– Мне мерещится или ты тоже слышала это?
– Не мерещится, – невольно улыбнулась я. – Но и правда, не станем мешать. Им скоро на покой…
– Кому на покой, нам на покой? – не выдержала яблоня-брюзга. – Да я еще ваших правнуков переживу!
– Ну… тогда живите как можно дольше, почтенная, – после паузы выговорил Грегори, и мне показалось, будто в глазах его сверкнули озорные искры.
– Мало ты у меня веток обломал, когда за орехами лазал, что белка, – проворчала она.
– Да уж, осторожностью ты не отличался, – добавил орешник.
– Орехи? И правда, тут росли какие-то необычные орехи, которых не сыскать было во всем лесу, – припомнил вдруг Грегори. – Я пробовал посадить их в других местах, но они все не росли…
– Дурень, ты неспелые сажал! – хохотнул дуб. – Нет бы попросил, мы бы вырастили дитя, но уж не обессудь!
Грегори молча смотрел вверх, в кроны деревьев.
– Я, кажется, вернулся в Норвуд, – сказал он наконец.
– Норвуд всегда с тобой и в тебе, – отозвались деревья. – Где бы ты ни был.
Он отрывисто кивнул и пошел прочь, а когда я, поклонившись деревьям, нагнала его, молча обнял за плечи.
– Голова болит, – услышала я. – Вспоминаю – обрывками, клочками, и в висках гудит, как перед грозой.
– Пройдет. – Я прижалась к его плечу. – Вспомните – пройдет, потерпите немного.
– Я и терплю… Гляди!
Грегори замер. Мы были недалеко от пруда, и можно было различить сквозь прозрачные уже ветви, как с воды поднимается большая белая птица, а за ней другие, поменьше.

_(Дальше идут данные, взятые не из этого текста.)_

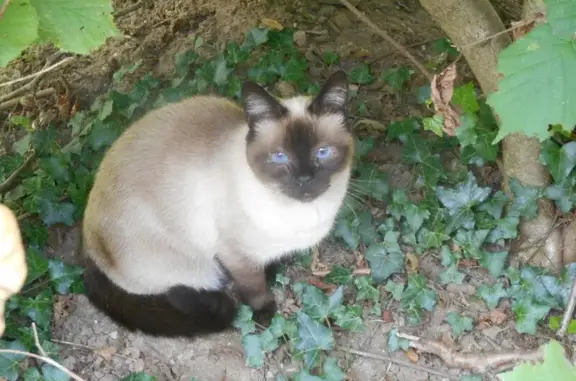 Animaux perdus , photo: Chat perdu : Pépito, 4 ans, seal point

– Лебеди улетают, – произнес Грегори. – Слышишь?
Лебеди сделали круг над прудом, и маленький клин потянулся в сторону озера, где собирались птичьи стаи перед отлетом на юг.
– Они вернутся, – уверенно сказала я. – Лебеди всегда возвращаются туда, где впервые свили гнездо.

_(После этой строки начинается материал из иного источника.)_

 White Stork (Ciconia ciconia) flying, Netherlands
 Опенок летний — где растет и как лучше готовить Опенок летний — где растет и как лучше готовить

– А еще они выбирают пару на всю жизнь, – добавил Грегори. – Раз и навсегда, до тех пор пока смерть не разлучит их, и только тогда оставшийся в одиночестве лебедь может найти себе другую пару… Пообещай мне, Триша, что, когда я умру, ты не станешь долго ждать, а выйдешь замуж, и…
– И, кажется, вы мало получили оплеух, Грегори Норвуд, – процедила я. – Что это вы вдруг впали в сентиментальность? Умереть спокойно я вам не дам, и не надейтесь! И идемте домой, холодно уже!

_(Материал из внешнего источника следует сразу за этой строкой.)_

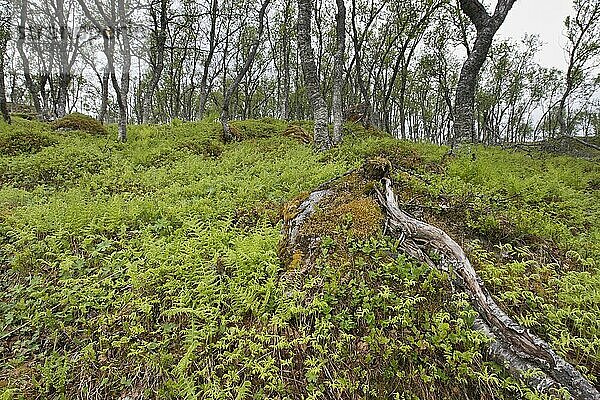 Birkenwald (Betula pendula)  Kvaloya  Norwegen  Europa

Он только улыбнулся, привычно подхватил меня на руки и понес к дому. Я обнимала его, и все было как обычно, вот только мне послышался смешок неподалеку… Знакомый холодный смешок…
– Что такое, Триша? – окликнул Грегори, когда я напряглась в его руках.
– Ничего, почудилось что-то, – ответила я. – Птица крикнула, наверно.
Он ничего не ответил, просто прижал к себе еще крепче и зашагал быстрее.
Глава 24
Тем вечером меня так клонило в сон, что я едва добралась до своей кровати. Грегори хотел увлечь меня к себе, но я сказала: если ему так нравятся бесчувственные тела, то пусть купит себе куклу. Вот когда отосплюсь, дело другое, сама приду… Он выругался, засмеялся, но возражать не стал.
Сон был странный, тяжелый, словно на меня свалилась толстенная перина, под которой нечем дышать и ничего не слышно…
Я судорожно вздохнула и села на кровати, прижимая к груди мешочек с травами и кинжал – я давно сделала для него простенькие ножны, чтобы не порезаться.
Во дворе что-то происходило – метался свет факела, раздавались голоса, а еще истошно ржали лошади.
Бросившись к окну, я увидела, как слуга тщетно пытается унять взбесившихся коней, но куда там! Джонни, встав на дыбы, бил передними ногами, а попасть под его копыта я бы врагу не пожелала! Бонни же лягался и волчком вертелся на месте, не подпуская к себе мечущегося конюха. Остальные, запертые в конюшне, заразившись настроем пегих, устроили тарарам – слышалось ржание, удары, треск досок…
– Кто выпустил коней? – раздался зычный голос Грегори, и я увидела его, в одной рубашке нараспашку – он словно бы вовсе не мерз, хотя ночь выдалась холодная.
Я приоткрыла окно, чтобы лучше слышать, и поежилась – такой стужей потянуло снаружи.